Cambon et al. described the difference between structural and operational indicators of the safety management system. Hinze et al. determined the characteristics of active and passive performance indicators in the construction industry, but the performance indicators were not comprehensively identified. In the study by Podgorski, the selected indicators were developed within the framework of the ILO-OHS-2001 system, but the active performance indicators to measure the safety level in high-risk operations were not specified. In this study, performance indicators were determined based on the challenges of previous studies. One of the main limitations of this study and former ones is the non-implementation of the validation of LPIs.

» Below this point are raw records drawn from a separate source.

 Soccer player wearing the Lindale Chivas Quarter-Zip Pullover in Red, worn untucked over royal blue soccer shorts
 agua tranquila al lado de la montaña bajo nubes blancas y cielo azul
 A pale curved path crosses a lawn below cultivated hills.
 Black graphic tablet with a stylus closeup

It is recommended that in future studies, providing a proper model for validation of the performance indicators be considered.
Conclusion
The results show that determination of LPIs should be based on the type of operation and the identified hazards of the workplace in addition to the OHSMS components. LPIs extracted from the components of the safety management system deployed in an organization are often passive and cannot show the changes in the safety status of a workplace in a short period. One of the benefits of the present study was to solve the above-mentioned problem. The model presented in this study was designed with an emphasis on extraction of active and operational indicators, as they are capable of detecting performance changes in construction industries. Considering the high-risk nature of construction operations and rapid changes in safety status, it is necessary to select LPIs. One of the limitations of using this model in construction projects is the large number and variety of operations and associated accidents. In this study, weights of KPIs selection criteria and OHS-MS components were considered equal. It is recommended that to prioritize and select more accurately the KPIs, be weighted of these selection criteria and OHS components in the future study. It is also recommended that this model be validated in the construction industry and other manufacturing and service industries.
Conflict of interest
None to report.
Footnotes
Acknowledgments
The authors would like to thank all panel experts who cooperated in this study.